A special form of warning is the “Licht before Death.” In the parish of Tynron it is recounted how this mysterious light illumined up, on one occasion, the whole interior of a byre where a woman was engaged milking cows, and how afterwards she learned that her mother had died the same evening.
Mr John Corrie (Moniaive) gives a good example of this form from the parish of Glencairn:—
“An old Glencairn lady, on looking out of the door one dark night, saw a strange light shining in the vicinity of a house where an acquaintance lived. Entering the house she commented on what she had seen, and expressed the hope that ‘it wasna the deid licht.’ Her fears were ridiculed, but next morning it transpired that a member of the family over whose dwelling the light was seen had committed suicide.”
There is another illustration from Glencairn, and perhaps a more valuable one, on account of the precision of its details:—
“Peggy D——, when going to lock her door one night, saw a light go past, carried, as she supposed, by a neighbour. There was nothing unusual in this, but there was a high stone dyke with a flight of steps in it close to the foot of the garden, and she was surprised to see the light and supposed light-bearer pass right through the obstructing fence as if nothing of the kind had been there, and although the ground below the house was very uneven, the light itself was never lost sight of for a moment. Peggy, rooted to the spot, watched the light go down through the fields, then along the public road until the churchyard was reached. When turning in that direction it passed through the locked gate with the same apparent ease that the other obstacles had been surmounted, and, entering the graveyard, became lost to sight among the tombstones.
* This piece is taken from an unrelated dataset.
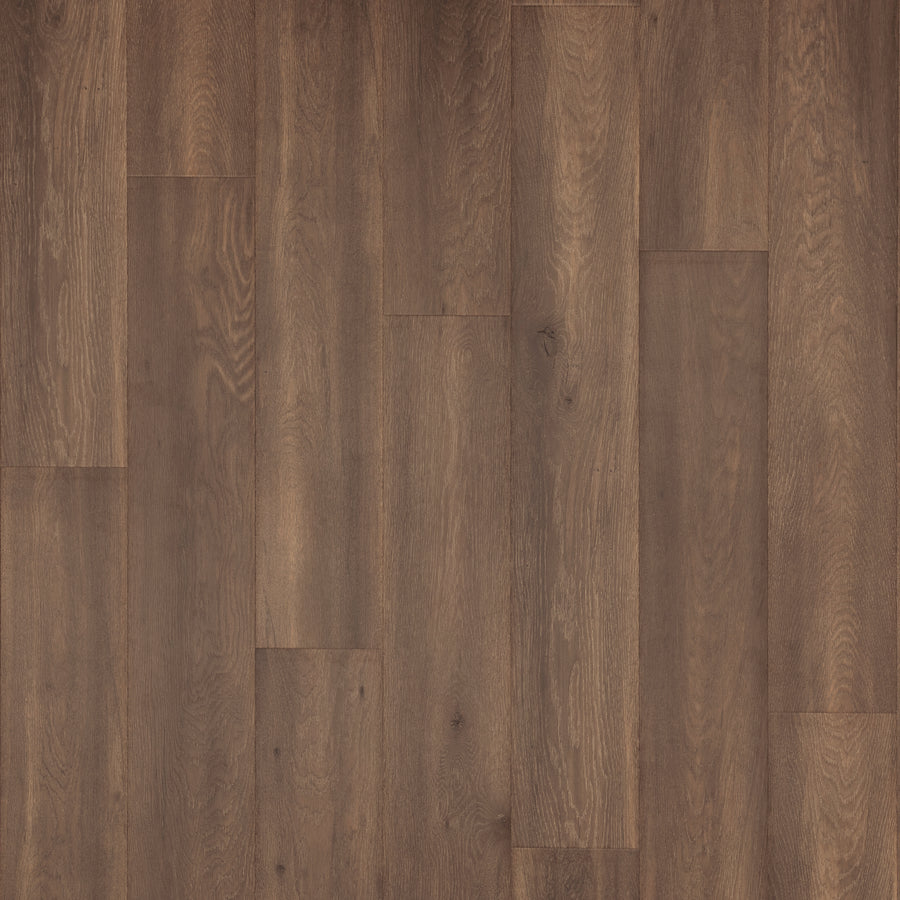 Miramar Cliffs 8.34" Waterproof Laminate features wide medium brown planks with a natural grain pattern and matte finish in a staggered layout, creating a smooth, even surface that highlights the wood’s varied shades and textures—ideal for luxury homes.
A week later Peggy D——’s daughter was carried a corpse to the same churchyard.”[(70)]
“Deid Lichts.”
Sketch by J. Copland, Dundrennan.
Other old and significant terms associated with the premonition of death are the “dead-watch,” or “dede-chack,” really the peculiar clicking noise made by wood-worms; and the “dede-drap,” which was the rather eerie sound made by the intermittent falling of a drop of water from the eaves; and “dead-bell,” a tingling in the ears, believed to announce a friend’s death.
Other expressions of a similar nature are the “dede-spall,” which is the semi-molten part of the grease of a candle (so called from its resemblance to wood-shaving) when it falls over the edge in semi-circular form, and which, if pronounced, and turning with an appearance of persistence toward some person in particular, was supposed to indicate the approaching hand of death.